Available data:
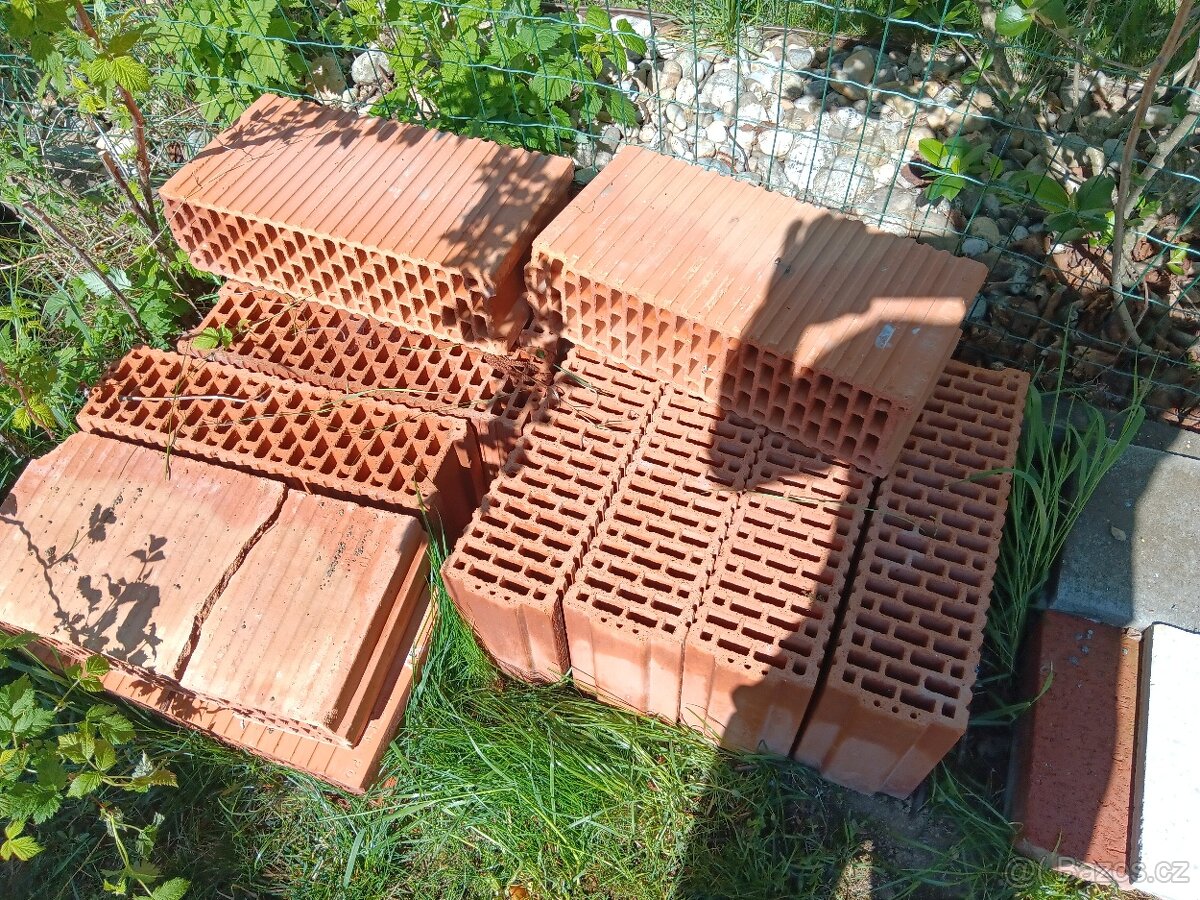 Příčkovky 11,5 cm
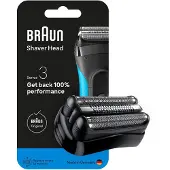 Braun Series 3 21B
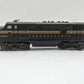 Lionel 6-8953 O PRR F3A Non-Powered Diesel Locomotive EX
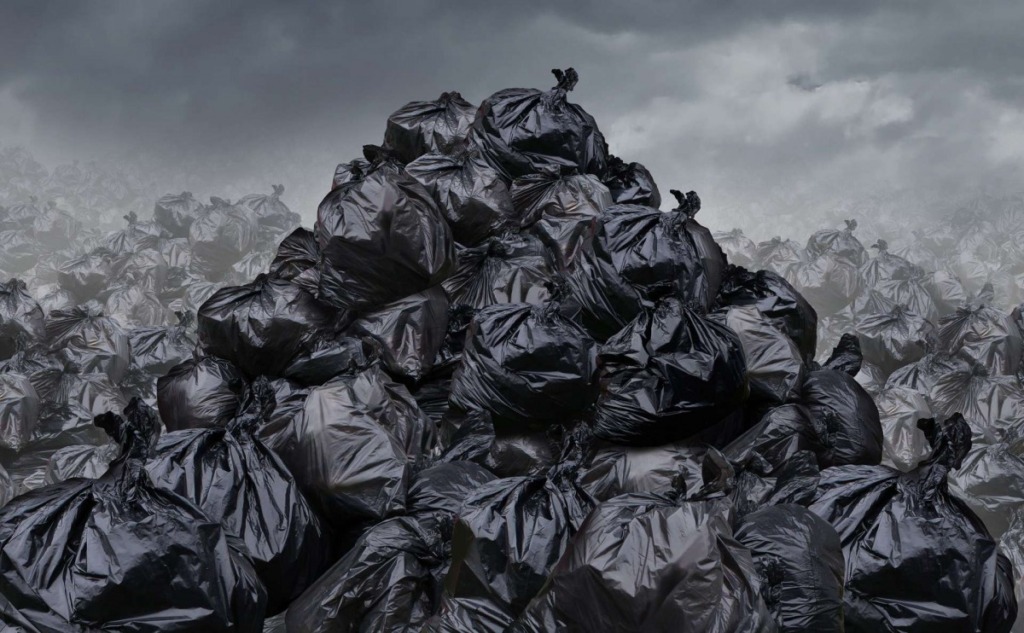 Zwiększona ilość odpadów w gminie Kodeń. Wójt apeluje o zweryfikowanie liczby osób podanej w deklaracjach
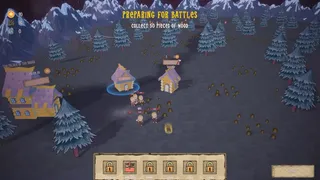 Скриншот 2 к игре Village Empires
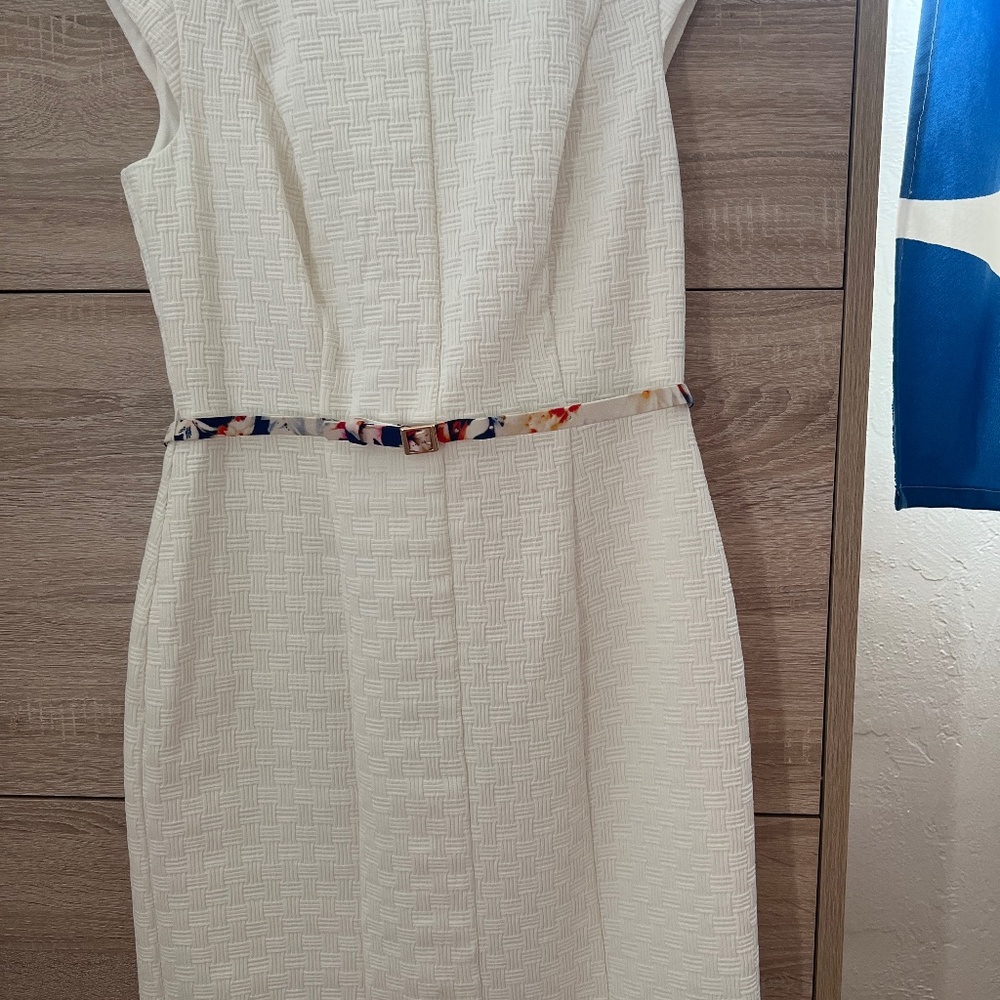 Worthington Sheath Dress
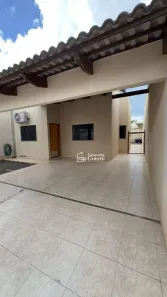 Casa com 3 Quartos à venda, 113m² no Residencial Vale do Sol, Anápolis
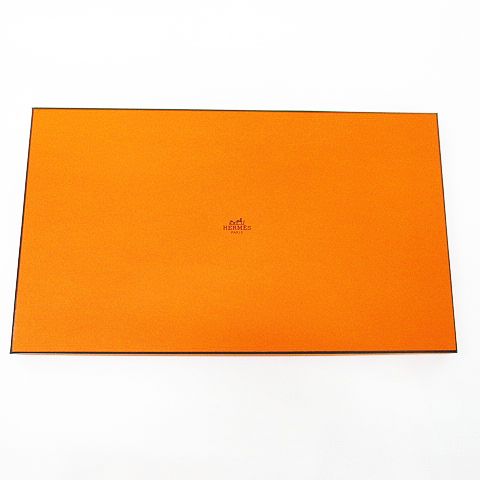 HERMES エルメス 空箱 ギフトBOX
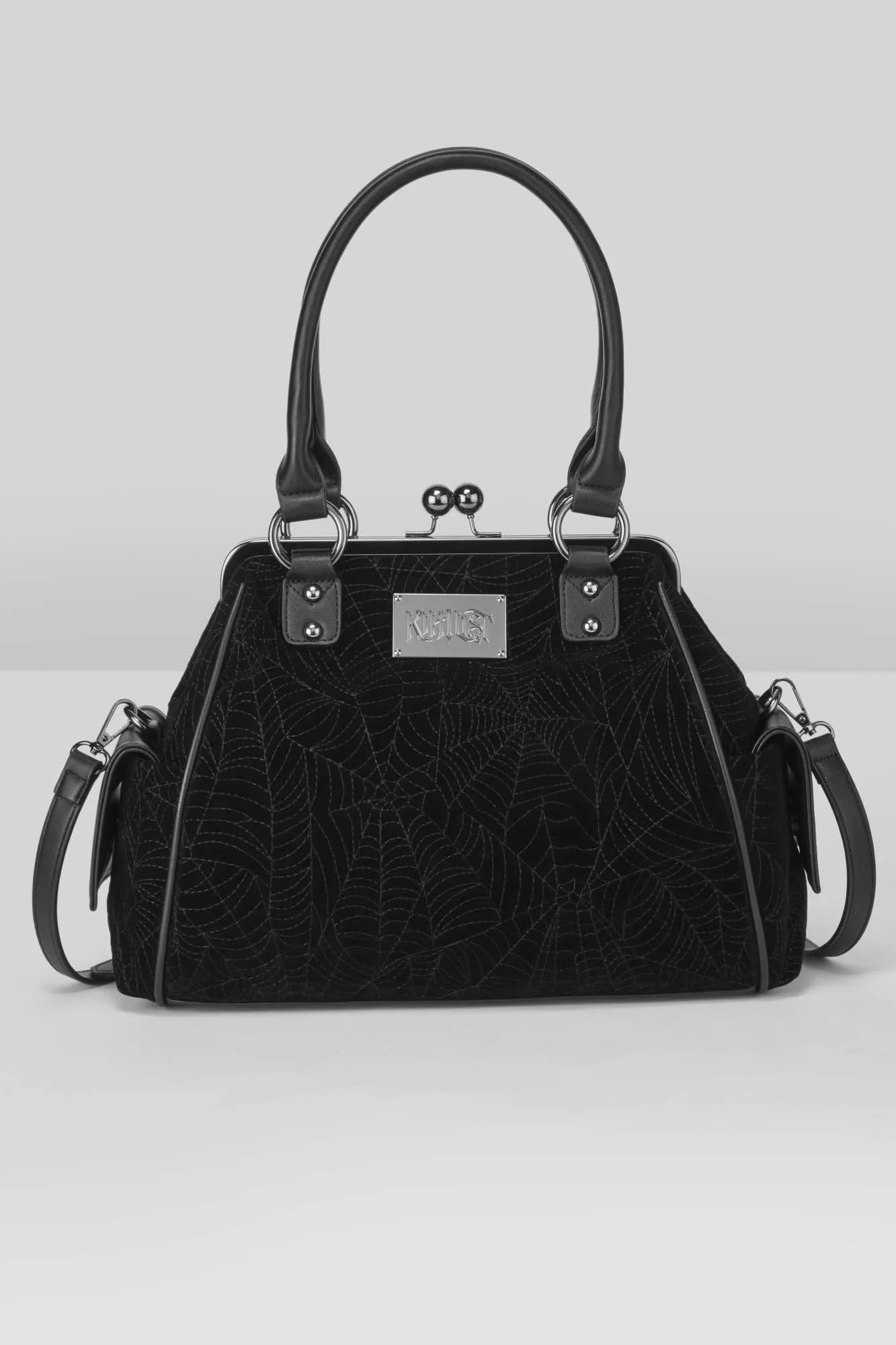 Ceaseless Night Bag - Resurrect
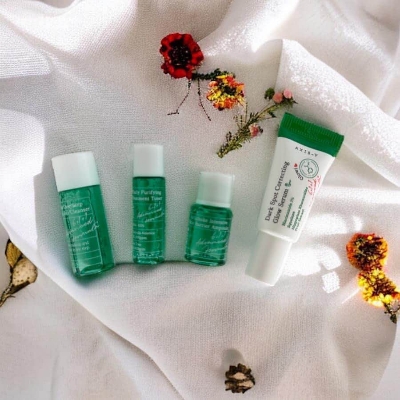 Picture of AXIS-Y The Mini Glow Set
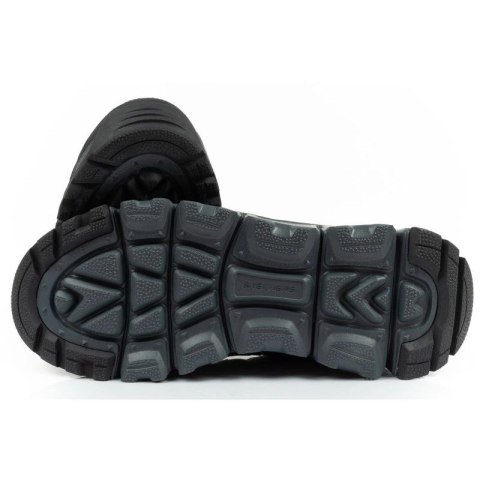 Buty sportowe Skechers M 237620/BKCC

Assignment: Copy exactly the lines that run from the line containing "Скриншот 2 к игре Village Empires" to the end of the data, keeping both end lines and dropping every picture.

Exercise answer:
 Скриншот 2 к игре Village Empires
 Worthington Sheath Dress
 Casa com 3 Quartos à venda, 113m² no Residencial Vale do Sol, Anápolis
 HERMES エルメス 空箱 ギフトBOX
 Ceaseless Night Bag - Resurrect
 Picture of AXIS-Y The Mini Glow Set
 Buty sportowe Skechers M 237620/BKCC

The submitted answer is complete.